Changes are afoot in how digital assets figure into your Estate Planning. For years, great uncertainty existed in the handling of digital assets such as accounts for email, social media, banking, investments, photo and data storage, web sites, and more. We last discussed these matters in our June 2014 visit, but already a major change is occurring, which could affest your estate planning.
One key uncertainty has been the rights of your executor or survivors to access digital accounts. Federal law and most online account hosts say that only the person who opened or owned the account has the right to access it. But the Uniform Law Commission wrote a draft law for the states to consider that would change this. Delaware enacted the law, and at least 13 other states are actively considering it.
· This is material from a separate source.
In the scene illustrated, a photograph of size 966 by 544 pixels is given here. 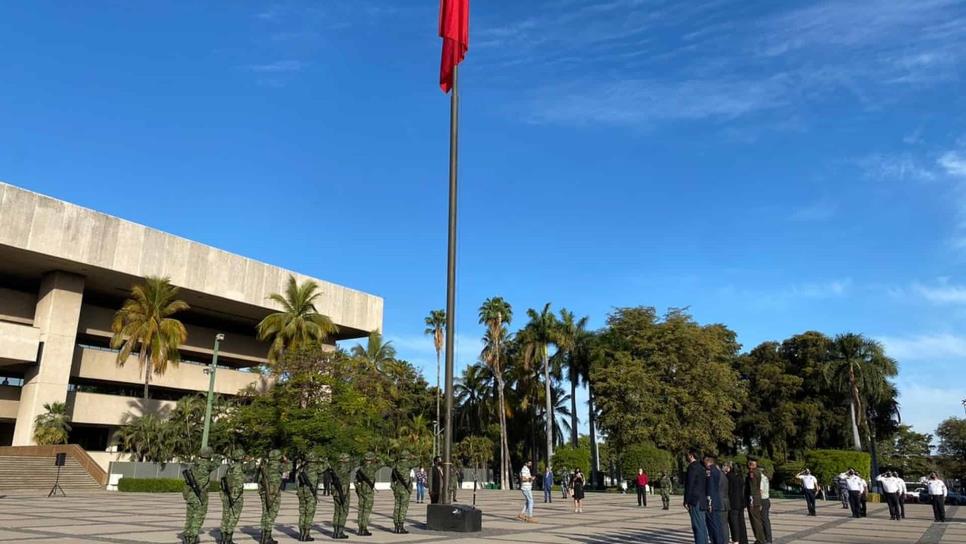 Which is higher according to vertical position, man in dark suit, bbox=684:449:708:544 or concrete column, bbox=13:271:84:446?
concrete column, bbox=13:271:84:446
The new law allows a fiduciary, such as an executor, trustee, or someone holding a power of attorney, the same rights to access digital assets or accounts that a deceased or disabled person had, after the fiduciary makes a request in writing. The law also makes custodians of the digital assets immune from liability if they in good faith provided access to a fiduciary.
Many of the major social media account custodians are opposing the laws, primarily on the grounds that they invade privacy.
This type of law makes it more important that you include digital assets in your estate plan. Explicitly grant fiduciaries the right to access digital assets. A grant can be broad-based or limited to certain accounts or types of accounts. Also, when appropriate give instructions for how you want certain accounts handled. This might be especially appropriate for assets such as digital photos, social media accounts, blogs, and web sites.